**ACTIVITY**: Your copy of the entries below should hold exactly the lines from the one containing "3rd image of 2810 Oak Valley Dr" to the one containing "Käytetty Bianchi Oltre", inclusive, and no pictures.

**SUPPLIED RECORDS**:
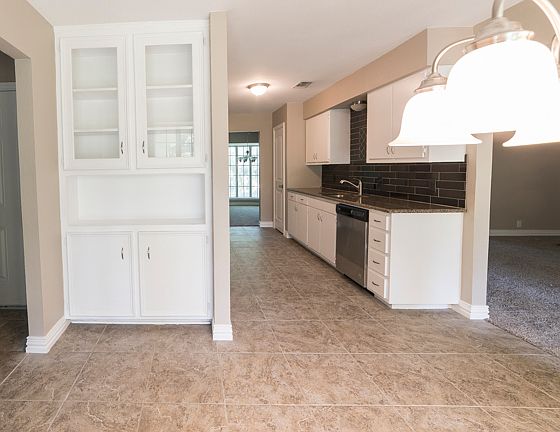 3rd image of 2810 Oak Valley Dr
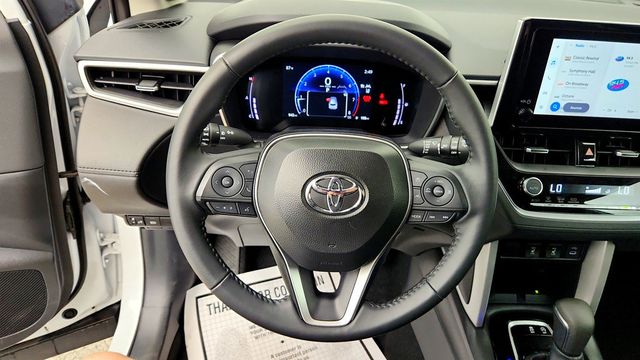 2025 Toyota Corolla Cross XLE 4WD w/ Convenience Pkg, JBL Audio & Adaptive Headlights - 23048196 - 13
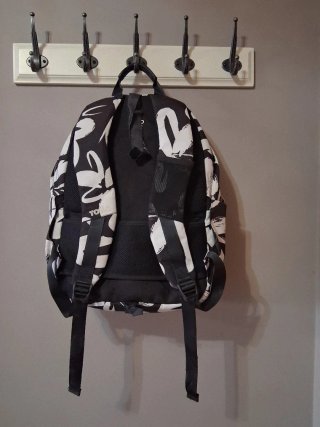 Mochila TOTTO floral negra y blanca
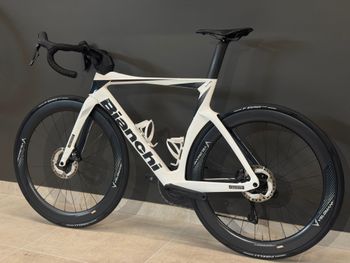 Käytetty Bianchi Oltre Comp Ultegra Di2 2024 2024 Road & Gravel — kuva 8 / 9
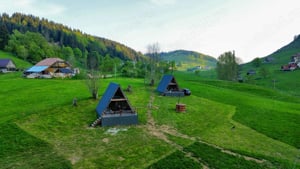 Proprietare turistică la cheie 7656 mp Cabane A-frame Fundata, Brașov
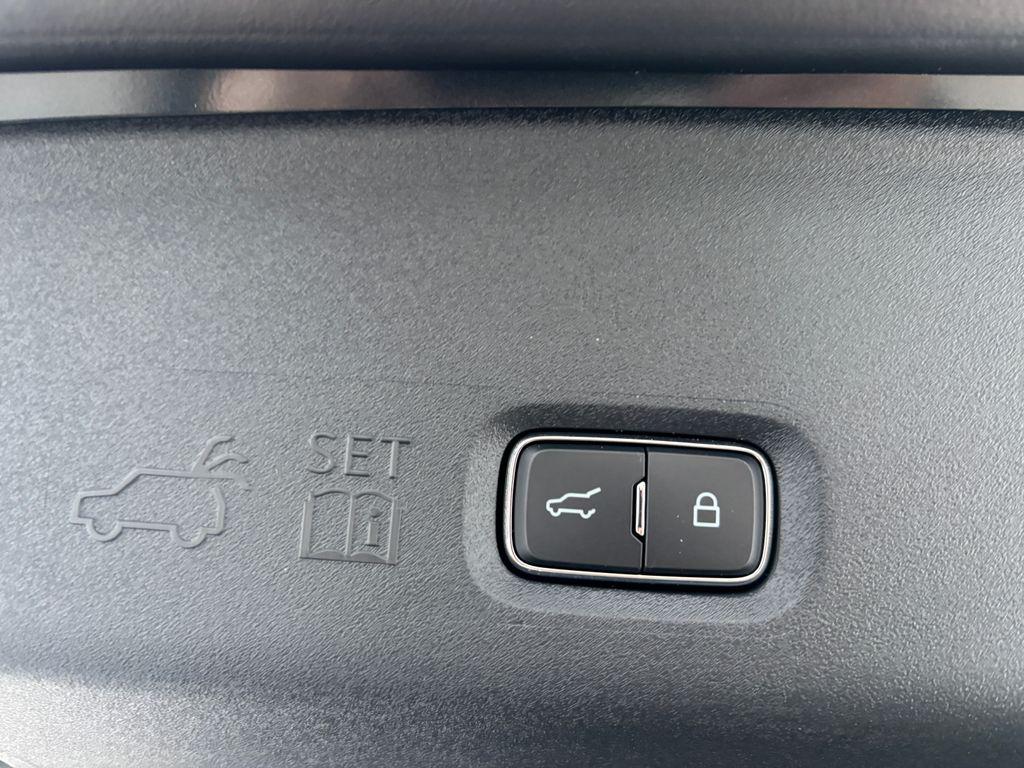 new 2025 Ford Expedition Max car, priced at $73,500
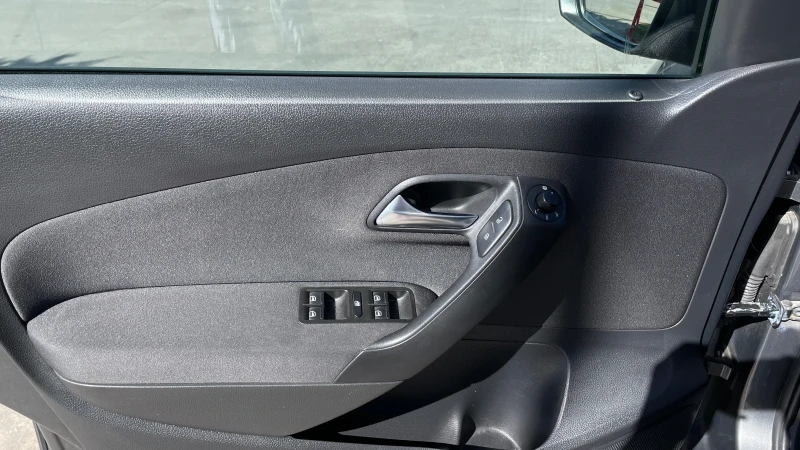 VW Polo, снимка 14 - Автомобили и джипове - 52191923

==

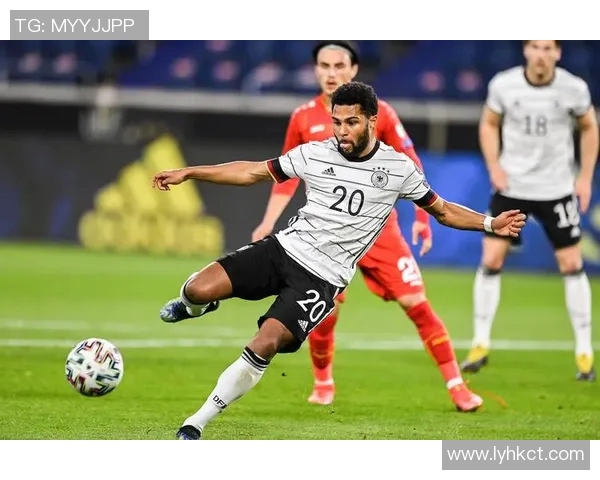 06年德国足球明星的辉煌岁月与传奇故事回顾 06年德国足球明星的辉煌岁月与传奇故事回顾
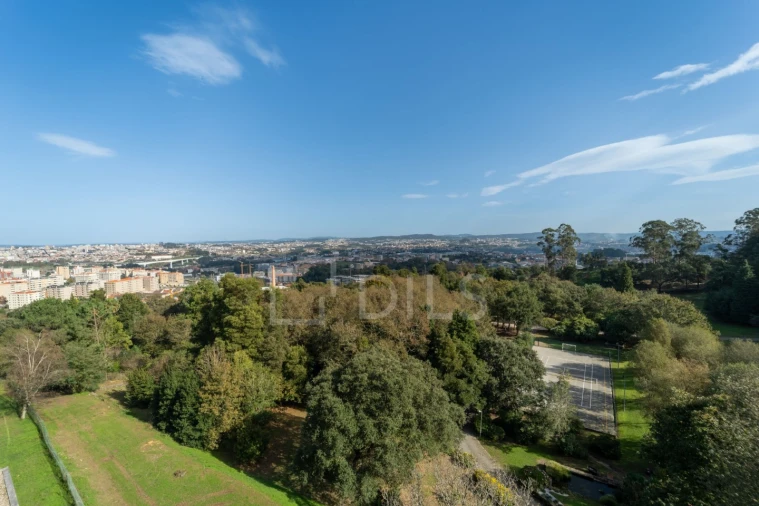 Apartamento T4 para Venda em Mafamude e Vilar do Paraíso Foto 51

**ANSWER BOX**:
 3rd image of 2810 Oak Valley Dr
 2025 Toyota Corolla Cross XLE 4WD w/ Convenience Pkg, JBL Audio & Adaptive Headlights - 23048196 - 13
 Mochila TOTTO floral negra y blanca
 Käytetty Bianchi Oltre Comp Ultegra Di2 2024 2024 Road & Gravel — kuva 8 / 9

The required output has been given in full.